Direct Distributional Optimization for Provable Alignment of Diffusion Models
This provides a provable alignment method for diffusion models, applicable to tasks like RLHF, DPO, and KTO, but it is incremental as it builds on existing distribution optimization techniques.
The paper tackles the problem of aligning diffusion models by formulating it as a distribution optimization problem and directly optimizing the distribution using the Dual Averaging method, achieving rigorous convergence guarantees and an end-to-end bound on sampling error that shows complexity independent of isoperimetric conditions under accurate score knowledge.

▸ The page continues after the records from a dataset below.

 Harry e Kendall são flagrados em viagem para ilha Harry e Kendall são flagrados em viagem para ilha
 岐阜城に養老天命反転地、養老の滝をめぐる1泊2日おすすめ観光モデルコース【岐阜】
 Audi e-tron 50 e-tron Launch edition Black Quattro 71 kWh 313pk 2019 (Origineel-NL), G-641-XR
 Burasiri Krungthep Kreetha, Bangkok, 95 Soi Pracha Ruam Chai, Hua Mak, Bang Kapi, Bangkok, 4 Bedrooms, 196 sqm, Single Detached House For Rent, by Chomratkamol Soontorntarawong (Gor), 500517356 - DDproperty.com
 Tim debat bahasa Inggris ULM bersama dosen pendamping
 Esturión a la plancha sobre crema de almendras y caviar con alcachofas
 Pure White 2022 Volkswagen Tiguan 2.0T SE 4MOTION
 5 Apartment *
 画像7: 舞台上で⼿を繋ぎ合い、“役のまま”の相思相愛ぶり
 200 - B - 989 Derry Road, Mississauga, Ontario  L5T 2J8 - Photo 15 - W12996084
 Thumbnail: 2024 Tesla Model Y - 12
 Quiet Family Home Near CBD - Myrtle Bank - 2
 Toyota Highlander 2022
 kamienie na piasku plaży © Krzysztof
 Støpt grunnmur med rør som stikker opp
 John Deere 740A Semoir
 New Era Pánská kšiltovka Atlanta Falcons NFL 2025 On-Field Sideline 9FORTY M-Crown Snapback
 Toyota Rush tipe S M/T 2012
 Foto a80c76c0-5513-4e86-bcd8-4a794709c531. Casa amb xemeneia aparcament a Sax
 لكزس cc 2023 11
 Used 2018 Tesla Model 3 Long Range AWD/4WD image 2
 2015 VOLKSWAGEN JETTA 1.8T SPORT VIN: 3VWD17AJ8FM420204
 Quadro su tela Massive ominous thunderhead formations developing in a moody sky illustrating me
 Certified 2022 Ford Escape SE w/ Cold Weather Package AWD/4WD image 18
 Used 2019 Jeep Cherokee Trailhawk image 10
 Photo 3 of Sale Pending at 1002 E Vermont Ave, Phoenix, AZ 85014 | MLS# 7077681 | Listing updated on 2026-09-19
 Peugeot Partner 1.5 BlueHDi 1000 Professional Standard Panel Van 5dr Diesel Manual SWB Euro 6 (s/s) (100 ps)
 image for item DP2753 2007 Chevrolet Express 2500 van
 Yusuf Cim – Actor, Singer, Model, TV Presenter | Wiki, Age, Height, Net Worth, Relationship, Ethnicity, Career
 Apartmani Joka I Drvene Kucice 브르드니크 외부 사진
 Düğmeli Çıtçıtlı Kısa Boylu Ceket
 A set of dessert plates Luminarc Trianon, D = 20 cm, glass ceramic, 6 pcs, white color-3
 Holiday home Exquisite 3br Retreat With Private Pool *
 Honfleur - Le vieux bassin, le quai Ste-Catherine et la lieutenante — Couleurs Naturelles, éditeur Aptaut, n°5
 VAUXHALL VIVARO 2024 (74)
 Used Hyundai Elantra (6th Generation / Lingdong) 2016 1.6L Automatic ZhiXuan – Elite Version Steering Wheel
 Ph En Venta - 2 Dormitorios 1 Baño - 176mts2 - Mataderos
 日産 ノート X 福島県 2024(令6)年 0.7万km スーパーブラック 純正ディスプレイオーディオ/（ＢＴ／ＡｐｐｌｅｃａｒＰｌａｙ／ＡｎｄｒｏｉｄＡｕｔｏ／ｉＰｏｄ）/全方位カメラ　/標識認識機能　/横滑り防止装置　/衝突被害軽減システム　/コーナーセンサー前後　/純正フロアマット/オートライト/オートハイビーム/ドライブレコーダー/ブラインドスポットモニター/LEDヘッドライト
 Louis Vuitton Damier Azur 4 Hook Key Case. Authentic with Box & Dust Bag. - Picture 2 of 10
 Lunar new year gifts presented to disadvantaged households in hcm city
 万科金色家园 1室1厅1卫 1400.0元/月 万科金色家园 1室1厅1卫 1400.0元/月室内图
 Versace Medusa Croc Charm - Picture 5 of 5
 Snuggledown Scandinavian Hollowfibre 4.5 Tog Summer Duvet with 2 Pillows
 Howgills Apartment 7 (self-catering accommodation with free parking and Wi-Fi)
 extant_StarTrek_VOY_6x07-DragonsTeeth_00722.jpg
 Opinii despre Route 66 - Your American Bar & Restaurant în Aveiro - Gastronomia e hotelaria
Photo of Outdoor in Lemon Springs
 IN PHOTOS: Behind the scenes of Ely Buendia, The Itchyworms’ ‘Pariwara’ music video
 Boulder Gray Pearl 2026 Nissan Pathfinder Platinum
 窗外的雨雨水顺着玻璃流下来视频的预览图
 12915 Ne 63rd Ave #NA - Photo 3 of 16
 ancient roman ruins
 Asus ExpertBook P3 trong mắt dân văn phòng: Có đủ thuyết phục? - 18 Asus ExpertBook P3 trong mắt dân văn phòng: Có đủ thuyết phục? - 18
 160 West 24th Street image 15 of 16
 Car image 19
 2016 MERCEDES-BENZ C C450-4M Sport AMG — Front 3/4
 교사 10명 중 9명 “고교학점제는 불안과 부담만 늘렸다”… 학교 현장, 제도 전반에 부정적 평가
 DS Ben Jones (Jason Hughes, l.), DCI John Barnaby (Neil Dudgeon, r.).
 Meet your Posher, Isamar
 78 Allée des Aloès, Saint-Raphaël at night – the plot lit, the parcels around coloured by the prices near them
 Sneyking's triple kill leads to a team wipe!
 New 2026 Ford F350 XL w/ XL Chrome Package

We introduce a novel alignment method for diffusion models from distribution optimization perspectives while providing rigorous convergence guarantees. We first formulate the problem as a generic regularized loss minimization over probability distributions and directly optimize the distribution using the Dual Averaging method. Next, we enable sampling from the learned distribution by approximating its score function via Doob's $h$-transform technique. The proposed framework is supported by rigorous convergence guarantees and an end-to-end bound on the sampling error, which imply that when the original distribution's score is known accurately, the complexity of sampling from shifted distributions is independent of isoperimetric conditions. This framework is broadly applicable to general distribution optimization problems, including alignment tasks in Reinforcement Learning with Human Feedback (RLHF), Direct Preference Optimization (DPO), and Kahneman-Tversky Optimization (KTO). We empirically validate its performance on synthetic and image datasets using the DPO objective.